Once the images are set aside, write out the rest of the records exactly.

Data for review below:

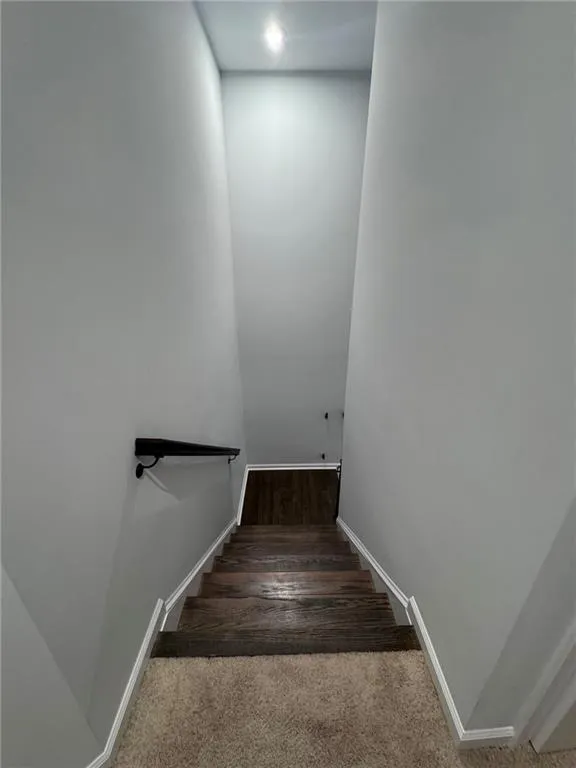 Staircase featuring carpet flooring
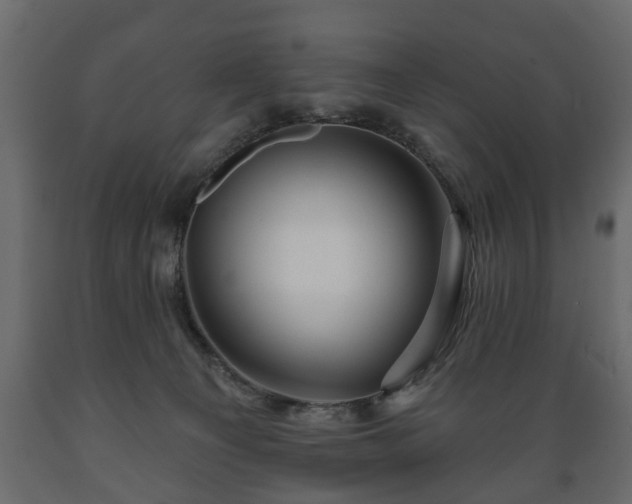 X0000089910129200707061007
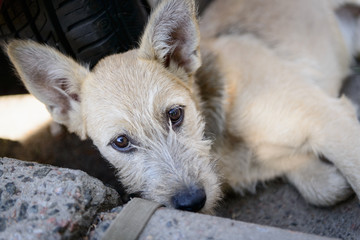unhappy red homeless puppy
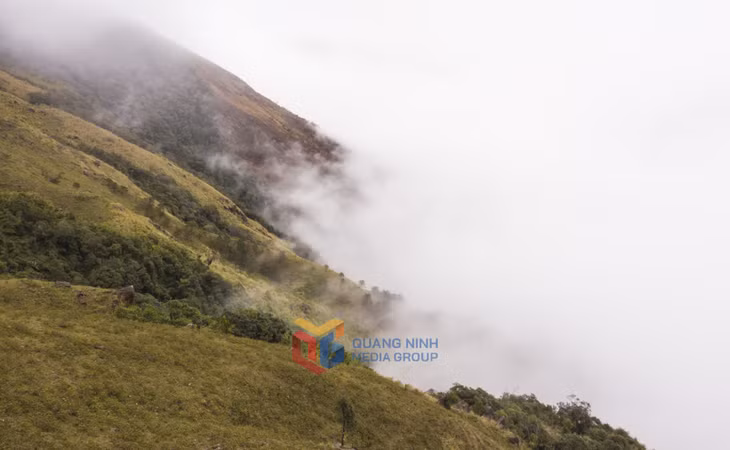 高丽山又名孤山，距平辽县旭洞乡中心 10 多公里。这里时常云雾缭绕，仿若世外桃源。这里是野餐、登山观光、徒步旅行、寻云和过夜露营的理想场所。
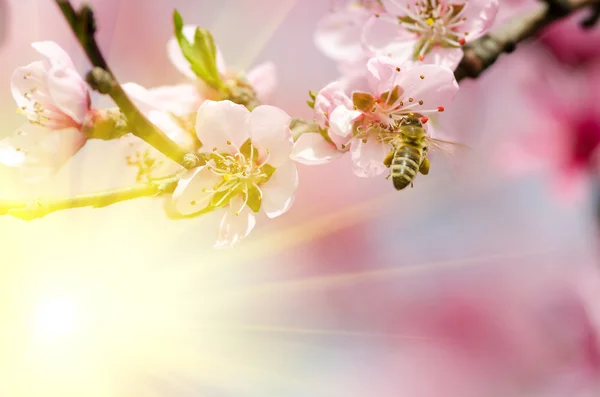 Flor de pêssego rosa — Fotografia de Stock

End of Data for review.

-- Solution to this task --
 Staircase featuring carpet flooring
 X0000089910129200707061007
unhappy red homeless puppy
 高丽山又名孤山，距平辽县旭洞乡中心 10 多公里。这里时常云雾缭绕，仿若世外桃源。这里是野餐、登山观光、徒步旅行、寻云和过夜露营的理想场所。
 Flor de pêssego rosa — Fotografia de Stock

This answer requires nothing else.